■ **Problem**:
Beginning at the line that holds "Grand migration" and continuing to the last line of the data below, transcribe every line word for word, without pictures.

■ **Listed records**:
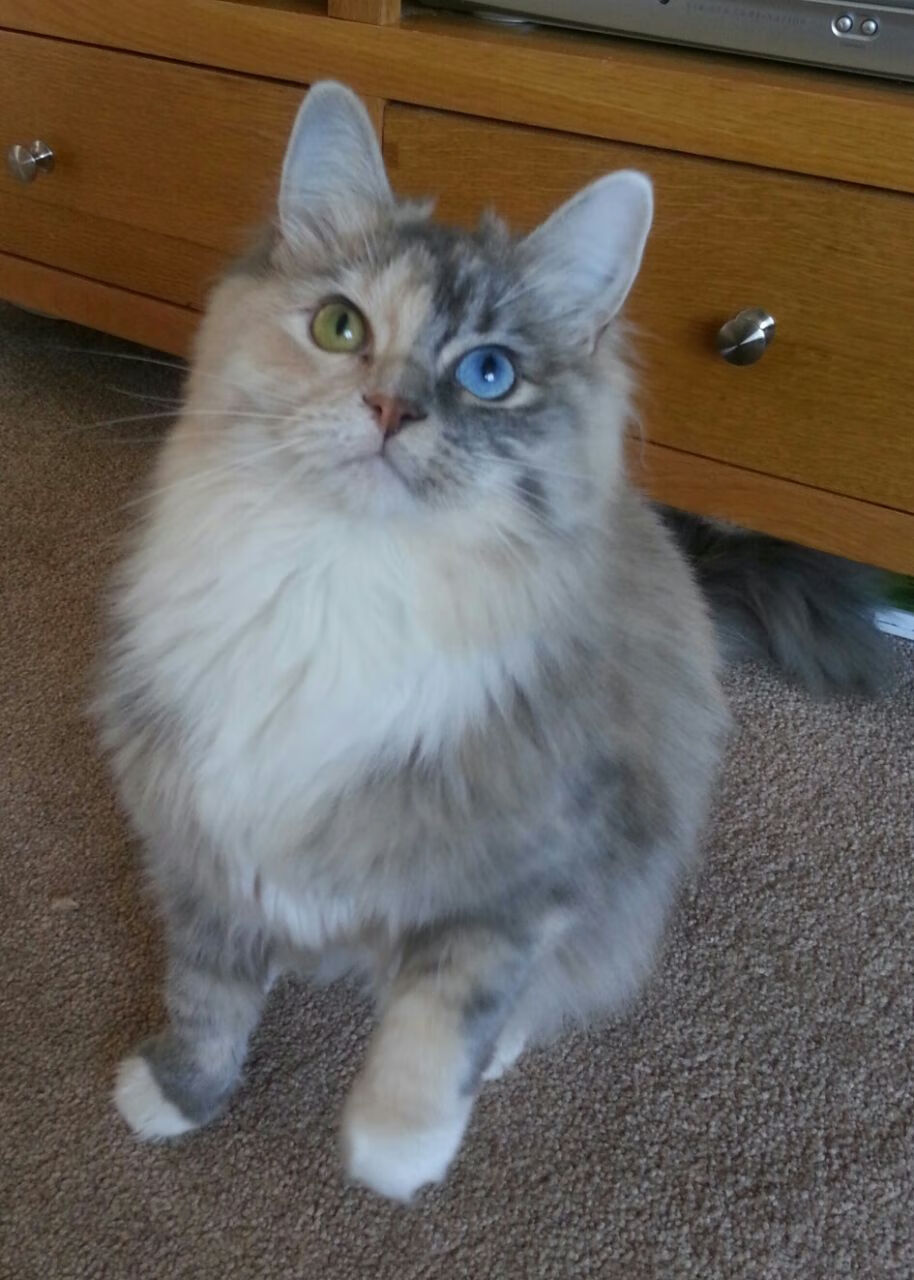 kaiyun中国官方网站-_赛事亮点：新技术助阵比赛流畅高清_，新技术吧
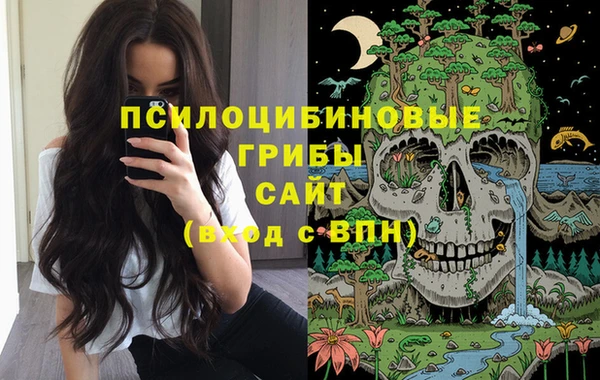 альфа пвп Корсаков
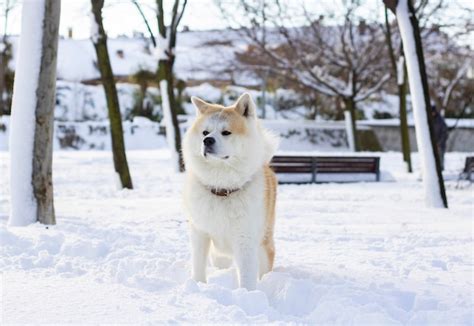 Perro Akita Inu En La Nieve Con Mirada Profunda Foto Premium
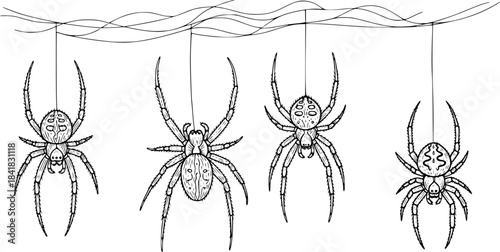 Hand drawn vector illustration of four distinct spiders suspended on threads in varying sizes and poses
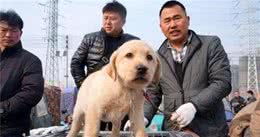 想养狗的宠主注意了，选狗有5个“不选”，选错了就要哭着养下去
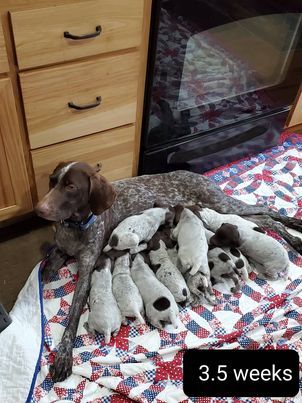 3.5 weeks
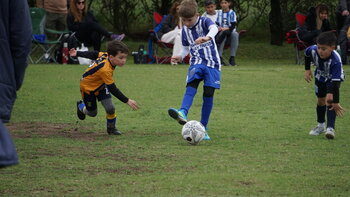 DSC06599.JPG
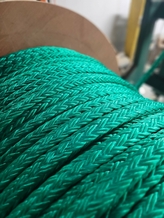 Polyester 12x2 Strand High Tenacity (Urethane Coated)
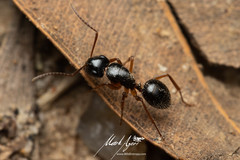 Camponotus lownei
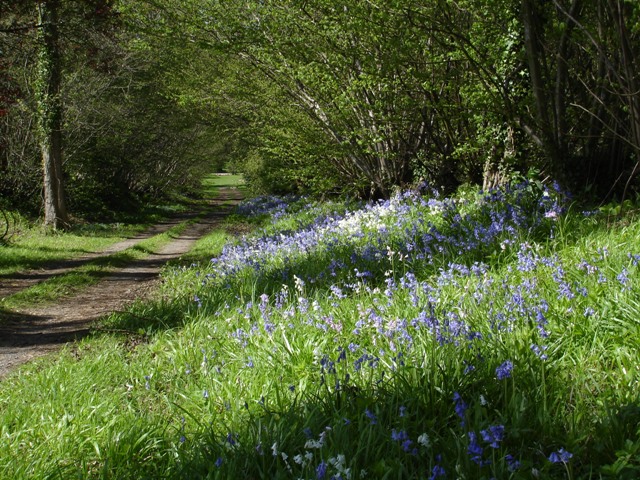 Bluebell time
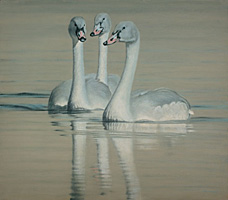 Grand migration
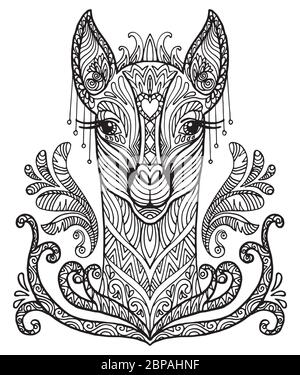 Vettore decorativo doodle testa ornamentale di lama. Illustrazione vettoriale astratta del contorno nero lama isolato su sfondo bianco. Illustrazione del magazzino Illustrazione Vettoriale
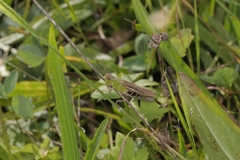 Chorthippus dorsatus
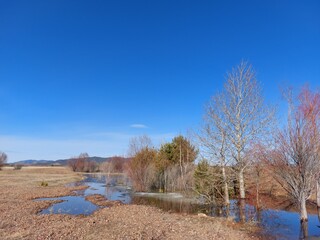 Spring Flood Area Melting Ice and Snow. Reflection of Bare Trees and Clear Blue Sky in Water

■ **Solved problem**:
 Grand migration
 Vettore decorativo doodle testa ornamentale di lama. Illustrazione vettoriale astratta del contorno nero lama isolato su sfondo bianco. Illustrazione del magazzino Illustrazione Vettoriale
 Chorthippus dorsatus
 Spring Flood Area Melting Ice and Snow. Reflection of Bare Trees and Clear Blue Sky in Water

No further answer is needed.